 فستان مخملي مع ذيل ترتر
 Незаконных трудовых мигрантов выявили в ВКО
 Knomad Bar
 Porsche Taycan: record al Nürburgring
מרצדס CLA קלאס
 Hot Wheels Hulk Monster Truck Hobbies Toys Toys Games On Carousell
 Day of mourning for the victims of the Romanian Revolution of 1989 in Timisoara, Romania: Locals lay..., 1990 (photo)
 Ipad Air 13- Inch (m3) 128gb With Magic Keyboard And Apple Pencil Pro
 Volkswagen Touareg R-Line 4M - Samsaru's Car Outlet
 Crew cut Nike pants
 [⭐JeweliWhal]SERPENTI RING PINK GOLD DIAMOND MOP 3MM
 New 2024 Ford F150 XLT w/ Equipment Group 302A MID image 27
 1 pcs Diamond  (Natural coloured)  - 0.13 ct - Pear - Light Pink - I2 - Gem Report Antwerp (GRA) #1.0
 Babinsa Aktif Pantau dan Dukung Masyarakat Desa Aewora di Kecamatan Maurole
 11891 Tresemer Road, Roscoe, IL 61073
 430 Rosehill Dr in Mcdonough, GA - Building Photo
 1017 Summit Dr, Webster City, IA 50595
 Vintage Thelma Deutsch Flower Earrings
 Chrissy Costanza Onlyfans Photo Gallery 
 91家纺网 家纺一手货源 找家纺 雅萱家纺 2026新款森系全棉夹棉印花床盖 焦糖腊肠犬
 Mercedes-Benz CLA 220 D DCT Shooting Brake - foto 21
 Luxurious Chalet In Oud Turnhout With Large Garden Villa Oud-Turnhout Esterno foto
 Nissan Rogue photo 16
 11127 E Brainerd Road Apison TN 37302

■ **REQUIRED WORK**: Copy every record above exactly as it is.

■ **EXERCISE RESULT**:
 فستان مخملي مع ذيل ترتر
 Незаконных трудовых мигрантов выявили в ВКО
 Knomad Bar
 Porsche Taycan: record al Nürburgring
מרצדס CLA קלאס
 Hot Wheels Hulk Monster Truck Hobbies Toys Toys Games On Carousell
 Day of mourning for the victims of the Romanian Revolution of 1989 in Timisoara, Romania: Locals lay..., 1990 (photo)
 Ipad Air 13- Inch (m3) 128gb With Magic Keyboard And Apple Pencil Pro
 Volkswagen Touareg R-Line 4M - Samsaru's Car Outlet
 Crew cut Nike pants
 [⭐JeweliWhal]SERPENTI RING PINK GOLD DIAMOND MOP 3MM
 New 2024 Ford F150 XLT w/ Equipment Group 302A MID image 27
 1 pcs Diamond  (Natural coloured)  - 0.13 ct - Pear - Light Pink - I2 - Gem Report Antwerp (GRA) #1.0
 Babinsa Aktif Pantau dan Dukung Masyarakat Desa Aewora di Kecamatan Maurole
 11891 Tresemer Road, Roscoe, IL 61073
 430 Rosehill Dr in Mcdonough, GA - Building Photo
 1017 Summit Dr, Webster City, IA 50595
 Vintage Thelma Deutsch Flower Earrings
 Chrissy Costanza Onlyfans Photo Gallery 
 91家纺网 家纺一手货源 找家纺 雅萱家纺 2026新款森系全棉夹棉印花床盖 焦糖腊肠犬
 Mercedes-Benz CLA 220 D DCT Shooting Brake - foto 21
 Luxurious Chalet In Oud Turnhout With Large Garden Villa Oud-Turnhout Esterno foto
 Nissan Rogue photo 16
 11127 E Brainerd Road Apison TN 37302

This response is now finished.